### DATA
Content starts

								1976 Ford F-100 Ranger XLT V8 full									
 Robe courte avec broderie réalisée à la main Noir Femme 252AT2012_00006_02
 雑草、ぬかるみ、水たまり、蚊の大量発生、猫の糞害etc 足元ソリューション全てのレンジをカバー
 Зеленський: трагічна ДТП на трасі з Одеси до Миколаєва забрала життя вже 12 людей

Content ends

### TO DO
Extract the lines above from the one containing "雑草、ぬかるみ、水たまり、蚊" to the last line, both included, exactly as written.

### SOLUTION FOR THIS EXERCISE
 雑草、ぬかるみ、水たまり、蚊の大量発生、猫の糞害etc 足元ソリューション全てのレンジをカバー
 Зеленський: трагічна ДТП на трасі з Одеси до Миколаєва забрала життя вже 12 людей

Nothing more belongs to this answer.